Using the listing below, output only the lines from the one that contains "Podium Lodge Кембридж Экстерьер фото" through the one that contains "2 E Back St, Savannah, GA 31419", inclusive, exactly as given and without images.

Dataset extract.
· · · · ·
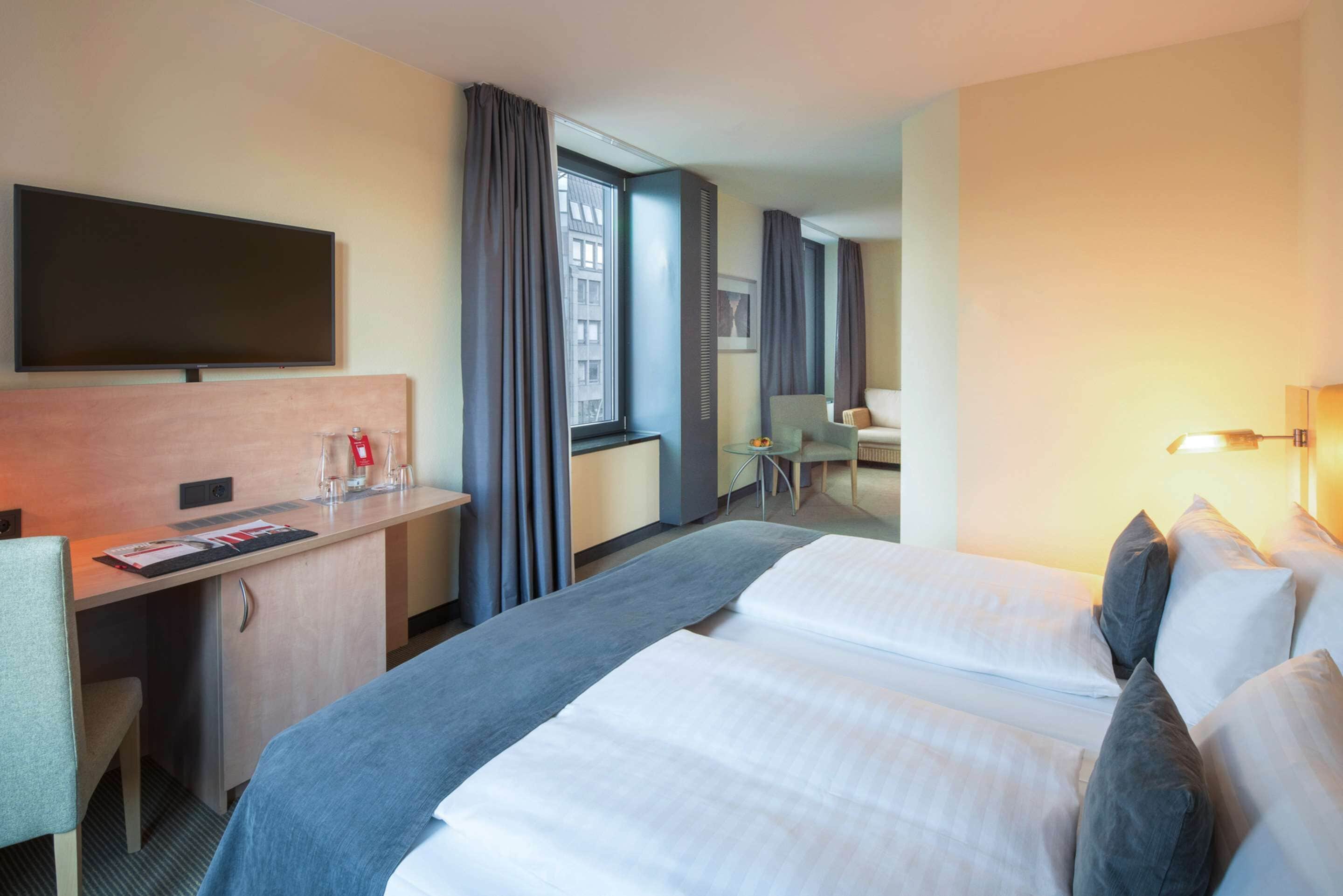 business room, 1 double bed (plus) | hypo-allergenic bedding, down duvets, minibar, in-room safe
· · · · ·
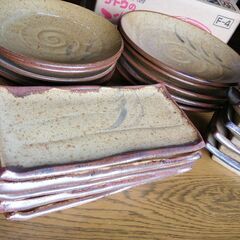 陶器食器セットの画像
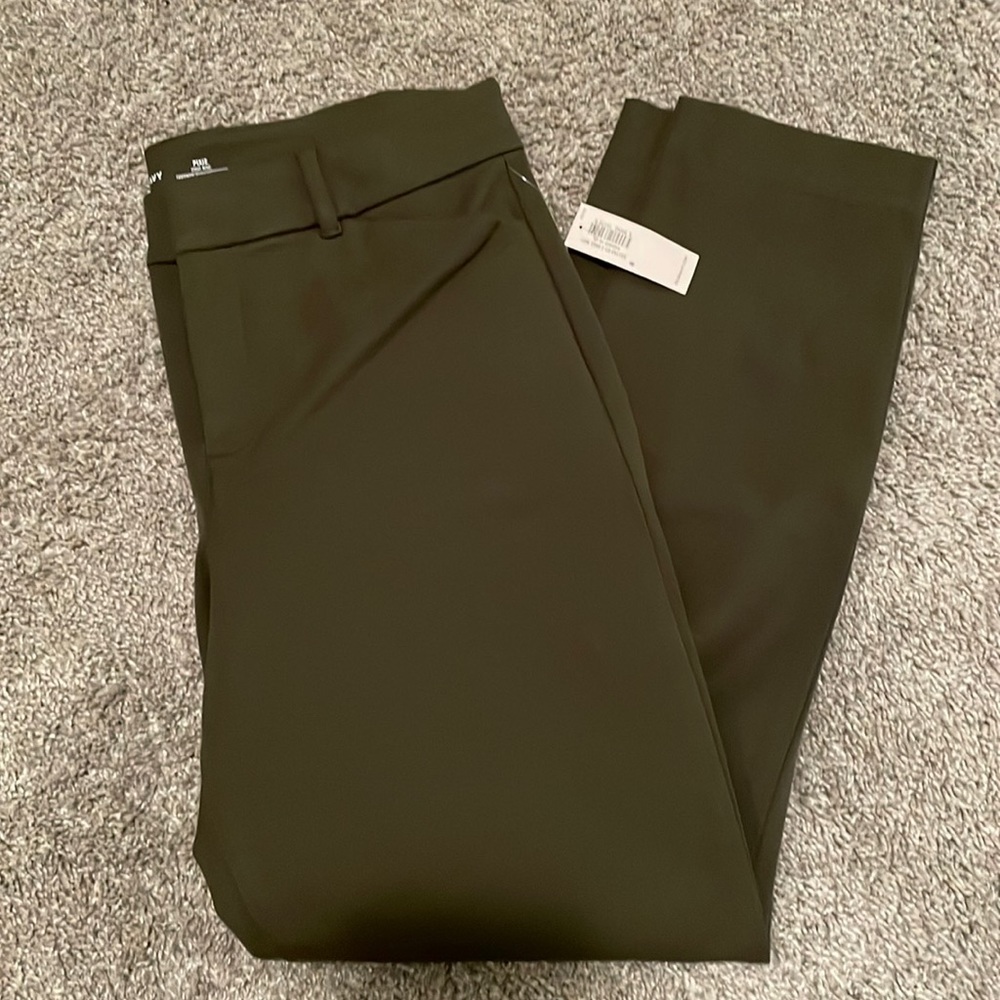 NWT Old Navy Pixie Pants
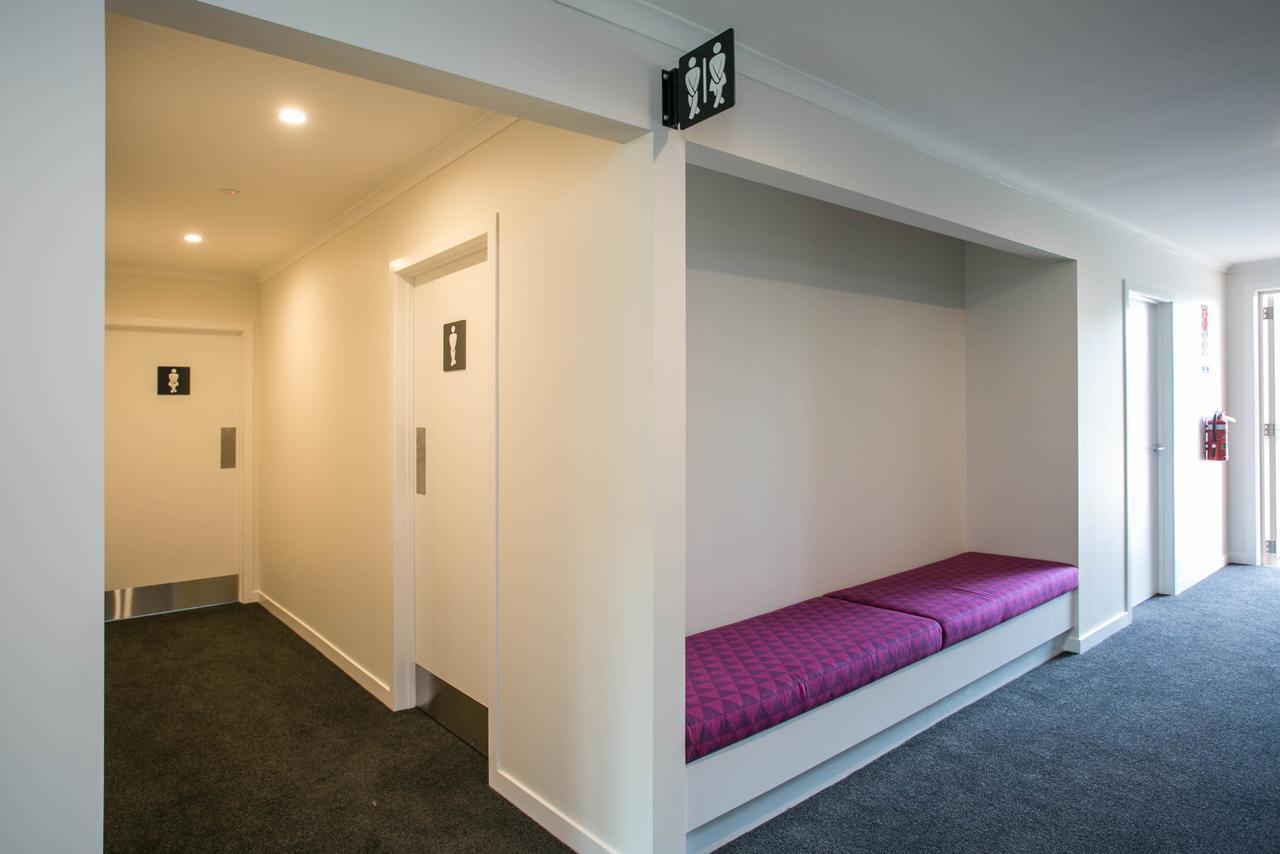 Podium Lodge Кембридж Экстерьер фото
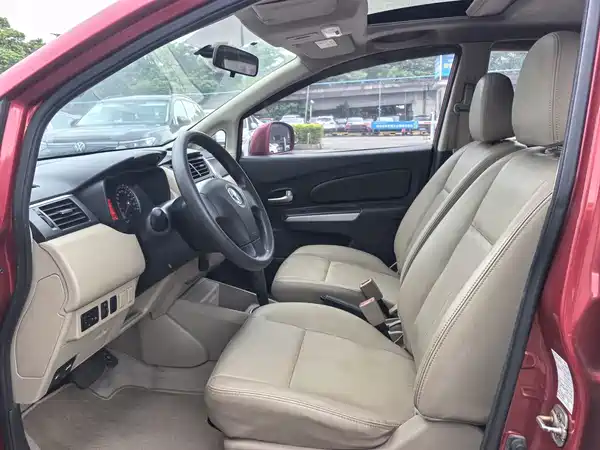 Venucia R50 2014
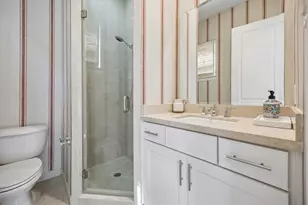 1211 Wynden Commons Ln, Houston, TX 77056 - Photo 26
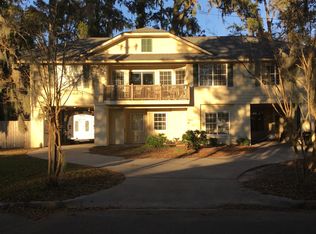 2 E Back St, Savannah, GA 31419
· · · · ·
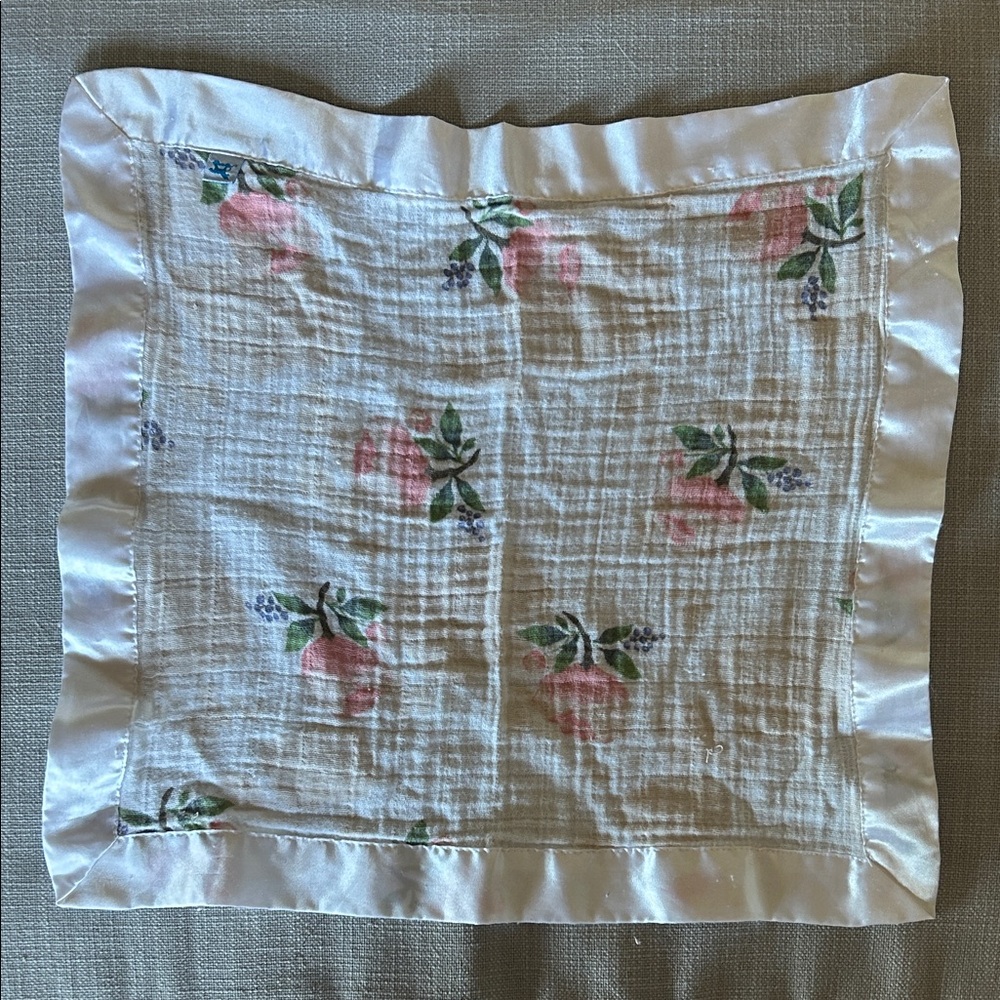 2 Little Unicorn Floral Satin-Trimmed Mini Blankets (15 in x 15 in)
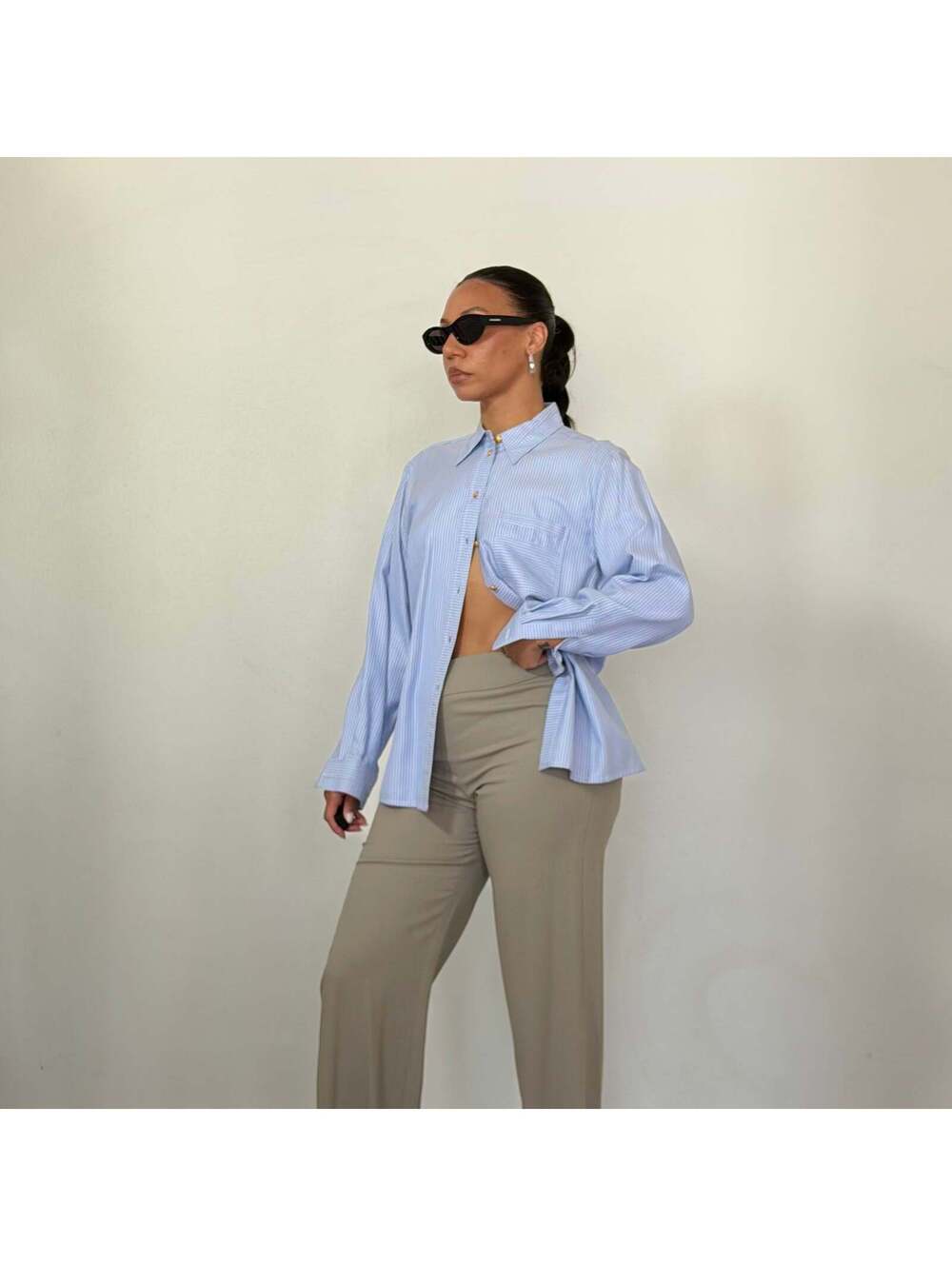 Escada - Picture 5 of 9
· · · · ·
Completed task.
 Podium Lodge Кембридж Экстерьер фото
 Venucia R50 2014
 1211 Wynden Commons Ln, Houston, TX 77056 - Photo 26
 2 E Back St, Savannah, GA 31419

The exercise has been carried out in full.